▶ [WHAT TO PRODUCE]: Every line of the listing below from the one with "2003 Nissan Sunny – thumbnail 4" up to and including the one with "karaman-mut-kavun-yuklu-kamyon-otobus-kaza3-001.jpg" should be retyped exactly, and nothing else; pictures are not part of the copy.

▶ [SUPPLIED DATA]:

━━━━━━

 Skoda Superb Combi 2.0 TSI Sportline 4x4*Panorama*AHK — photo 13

━━━━━━

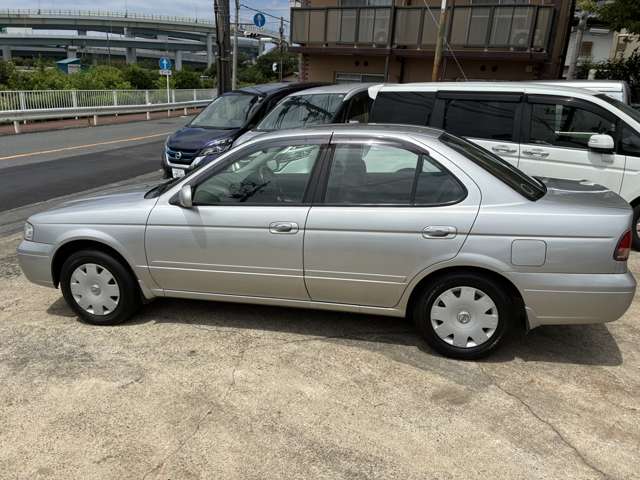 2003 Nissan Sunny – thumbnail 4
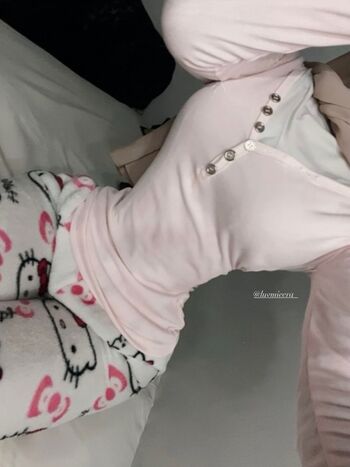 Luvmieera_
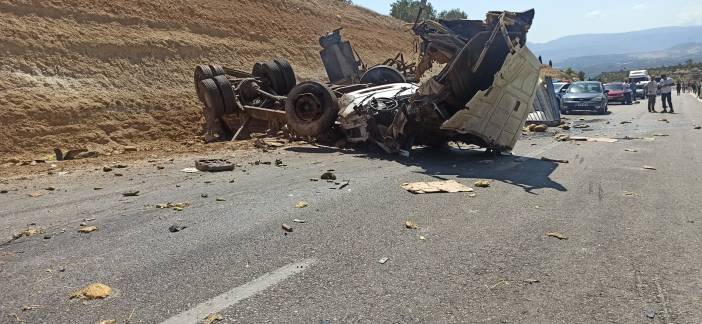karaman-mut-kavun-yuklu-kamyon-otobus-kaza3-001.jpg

━━━━━━

▶ [EXPECTED OUTPUT]:
 2003 Nissan Sunny – thumbnail 4
 Luvmieera_
karaman-mut-kavun-yuklu-kamyon-otobus-kaza3-001.jpg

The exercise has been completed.